### [Data in this exercise]
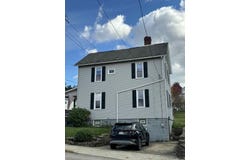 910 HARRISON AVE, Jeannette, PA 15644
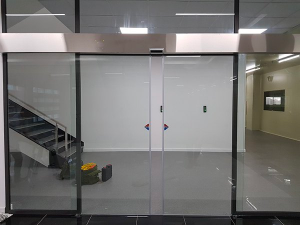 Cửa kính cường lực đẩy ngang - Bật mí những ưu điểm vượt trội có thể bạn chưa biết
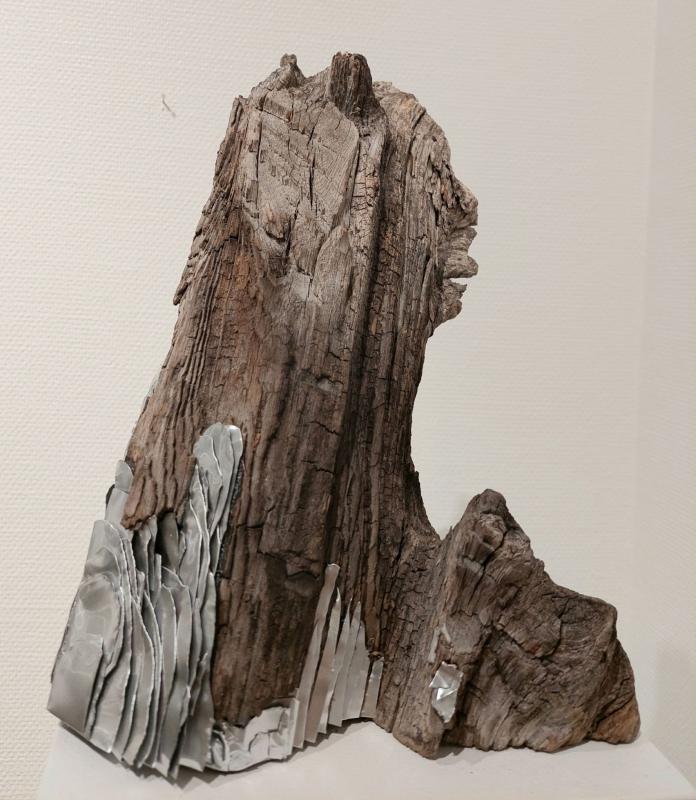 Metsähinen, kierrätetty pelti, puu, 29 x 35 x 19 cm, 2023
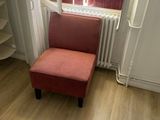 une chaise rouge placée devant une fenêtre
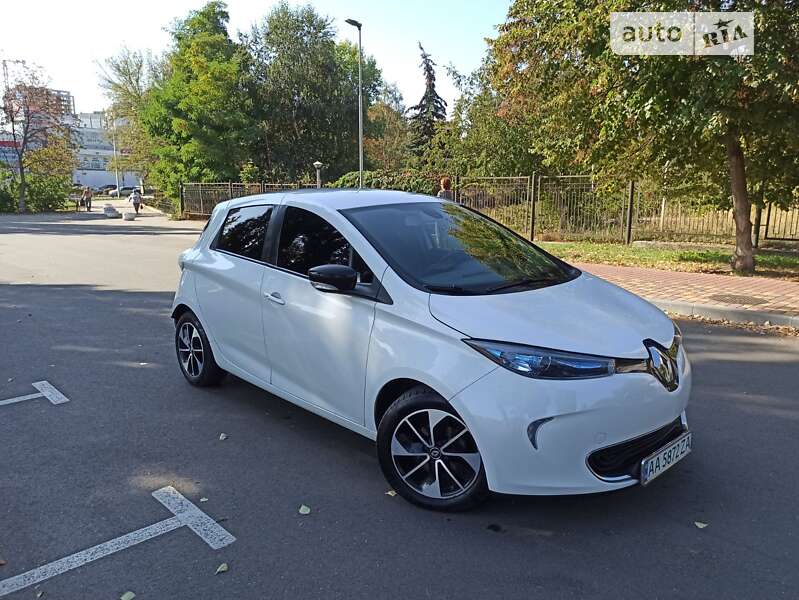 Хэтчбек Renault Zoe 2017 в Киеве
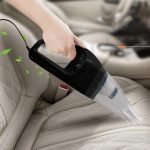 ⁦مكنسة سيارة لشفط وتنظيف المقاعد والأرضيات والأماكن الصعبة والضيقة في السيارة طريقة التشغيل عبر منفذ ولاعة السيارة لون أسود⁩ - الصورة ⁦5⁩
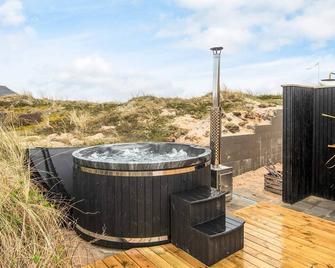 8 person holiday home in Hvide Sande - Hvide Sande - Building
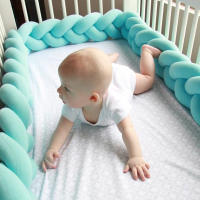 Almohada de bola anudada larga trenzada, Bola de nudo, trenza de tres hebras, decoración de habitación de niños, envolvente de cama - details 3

### [Task instructions]
With every picture left out, print exactly the lines from the one containing "Хэтчбек Renault Zoe 2017 в Киеве" through the final line of the material above.

### [Result for this exercise]
 Хэтчбек Renault Zoe 2017 в Киеве
 ⁦مكنسة سيارة لشفط وتنظيف المقاعد والأرضيات والأماكن الصعبة والضيقة في السيارة طريقة التشغيل عبر منفذ ولاعة السيارة لون أسود⁩ - الصورة ⁦5⁩
 8 person holiday home in Hvide Sande - Hvide Sande - Building
 Almohada de bola anudada larga trenzada, Bola de nudo, trenza de tres hebras, decoración de habitación de niños, envolvente de cama - details 3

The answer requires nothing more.